The archive contains the C code. The Java/JCuda code might allow me to do a quicker test (even though I can imagine that leaving out the plotting and CLI would mean to strip away some of the parts where a lot of work went in…)

But more importantly, from quickly skimming over the code:

It does not look like there is anything that is related to „multiple GPUs“ (no streams, no cudaSetDevice, …) - am I overlooking something?

Hi Marco - my bad, I’m not sure how I managed to provide the wrong project zip. Here it is:



I had another short look at this (installed Java 11, worked around Lombok by generating the constructor/getters/seetters, skipped the python part, read/debug the code to find the right command line arguments that are necessary for running it…).

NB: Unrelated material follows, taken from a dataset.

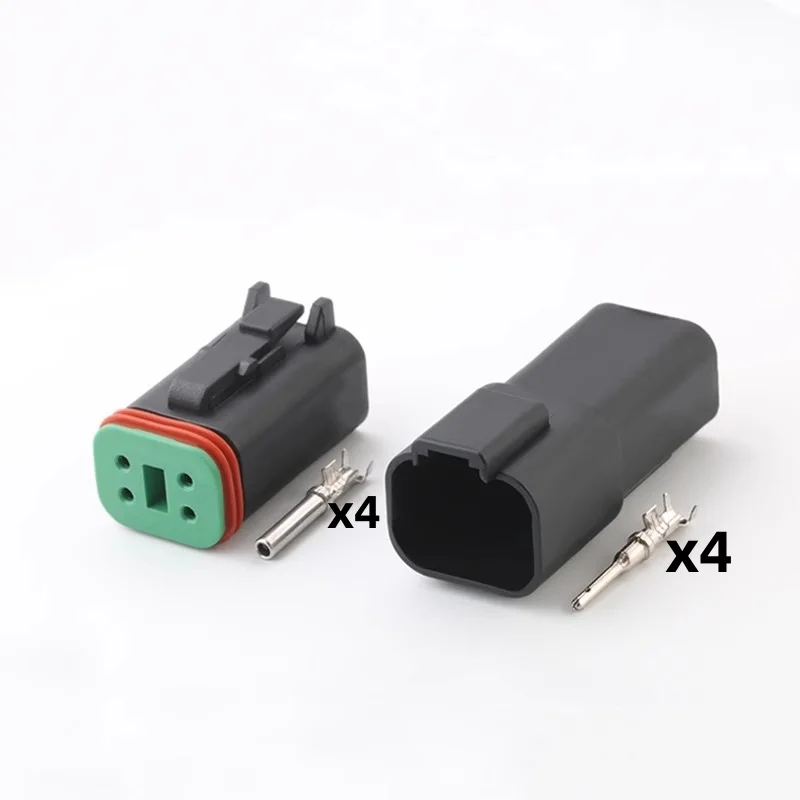 1 комплект 2-контактный разъем Deutsch DT DT06-2S/DT04-2P водонепроницаемый электрический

Now I can start it. I don’t know which configuration (block size, grid size…) you used for the tests. And … in any case, I only have one GPU, so… maybe no insights anyhow.

I also had a short look at the code itself. That’s really only the result of quickly looking at things like beforeTest and execute. I did not see anything that was „obviously, glaringly wrong“, but the copy operations may be worth another review.

For example: The beforeTest currently copies the host data to the device - for each „chunk“ (or section) of the data. I don’t know whether there’s a performance difference between

  • allocating the device memory for each „chunk“ individually and
  • allocating the device memory once, and only copy the chunks

At least, you could replace several small cuMemAlloc calls with one large one.

What might be more important: The copy operations are currently declared as ...Async. But most memory copy operations that involve host memory are not asynchronous (even when they are called Async). This is detailed in CUDA Runtime API :: CUDA Toolkit Documentation , and something like How to Overlap Data Transfers in CUDA C/C++ | NVIDIA Technical Blog explicitly says

The host memory involved in the data transfer must be pinned memory.

(See jcuda-samples/JCudaRuntimeMemoryBandwidths.java at master · jcuda/jcuda-samples · GitHub for a performance comparison - this one is for the CUDA Runtime API, but the numbers for the Driver API should be the same).

This would very roughly mean that your host memory would not be created with

    hostInputA = FloatBuffer.allocate(numSamples);

but with something like

    CUdeviceptr hostInputPointerA = new CUdeviceptr();
    cuMemAllocHost(hostInputPointerA, numSamples * Sizeof.FLOAT);
    hostInputA = hostInputPointerA.getByteBuffer().asFloatBuffer();
    // (Don't forget to free hostInputPointerA later!);

An aside: It could be helpful to actually examine all that with the CUDA Visual Profiler (just to see whether there is actually a compute+copy overlap).But I haven’t used that for a while, and it did not work so well for some CUDA versions. I’m not sure how well it works for the latest ones.